There are three affidavits from law enforcement (attached) about [their] recent interaction with [A.V.]. She was found disoriented, confused, responding to internal stimuli and childlike. She was wearing a thin nightshirt with her torso fully exposed and unconcerned about her modesty.
[A.V.'s] tox[icology] screens are positive for Methamphetamnie [sic] and negative for [ethyl alcohol]. She has refused medical treatment for open sores on her body.
[A.V.] has a history of at least four ITA [detentions] and has escaped from several facilities stealing key cards, was found nearby being victimized (raped) in a[n] alley by two men. [A.V.] continues to be a vulnerable adult with interrupted cognitive development due to severe drug use and untreated mental health conditions. It has taken a coordinated effort on behalf of the mental health community, law enforcement, the [B]ehavorial [sic] [H]ealth [Administrative Service Organization (ASO)] and Telecare community to find and bring her back to treatment.
When she was released from her last 120-hour hold on 6/28/2023, it is reported that within two hours, [A.V.] had eloped from her
mother's home, stolen alcohol from a mini-mart and began using meth within two hours.
In speaking to [A.V.'s] mother, . . . she tells this writer that [A.V.] had overdosed on 7/2/2023 and again on 7/8/2023 being revived by Narcan on both occassions [sic], the latter by the Mount Vernon Police Department.
This writer consulted with Sheriff's office [mental health professional] . . . . There is no active [less restrictive alternative order (LRO)] as of this writing.
Ms. Sharp also noted her observations during her interview with A.V.
DCR arrived at 9:50 pm to introduce self and her role, the possible outcomes of the assessment and to read [A.V.] her rights. [A.V.] was unable or unwilling to communicate with the DCR. It is not clear that [A.V.] understood her rights as she was curled up in a fetal position, with a blanked [sic] wrapped tightly around her, with her back to the DCR, rocking back and forth in an attempt to self-sooth.
[A.V.]'s skin condition appeared bruised on her arms and face. She was not able to speak or hold eye contact with the DCR.
One hour prior to the DCR's arrival, the med tech's [sic] told this writer that [A.V.] was talking, asking when the DCR would arrive and made a phone call to her mother, asking to be picked up. There were no medications provided to [A.V.] prior to the DCR arrival. It is unclear if [A.V.] is gravely disabled or just refusing to engage.

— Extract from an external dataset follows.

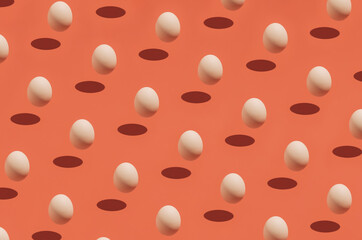 Easter season egg idea with visual pattern on festive orange background. Creative holiday and spring season concept, minimal food and shadow composition.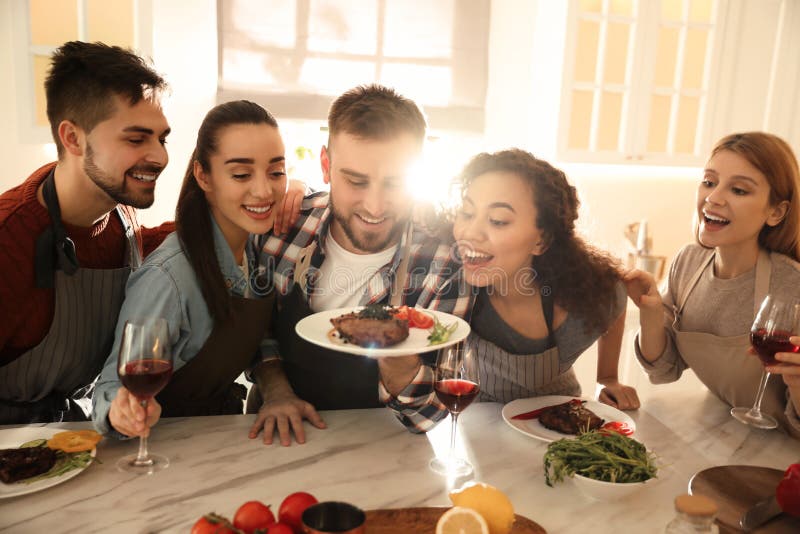 People with Delicious Food in Kitchen. Cooking Class Stock Image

Ms. Sharp further noted that her review of "researched history in the Compass Medical Chart, previous [less restrictive alternative order], and lack of involvement in the [Program of Assertive Community Treatment (PACT)] indicates [A.V.] is gravely disabled and requires hospitalization to treat the dual diagnosis." Ms. Sharp also noted that A.V.'s "[c]urrent physician was not available to consult due to the busy nature of the ER on this evening."
Given all of this, Ms. Sharp recommended that A.V. "be detained at an evaluation and treatment facility or secure detox facility for no more than 120 hours (excluding Saturday, Sunday and legal holidays) for evaluation and treatment."
On July 31, 2023, two members of the staff at North Sound Telecare Evaluation and Treatment Center filed a 14-day involuntary treatment petition in Skagit County Superior Court.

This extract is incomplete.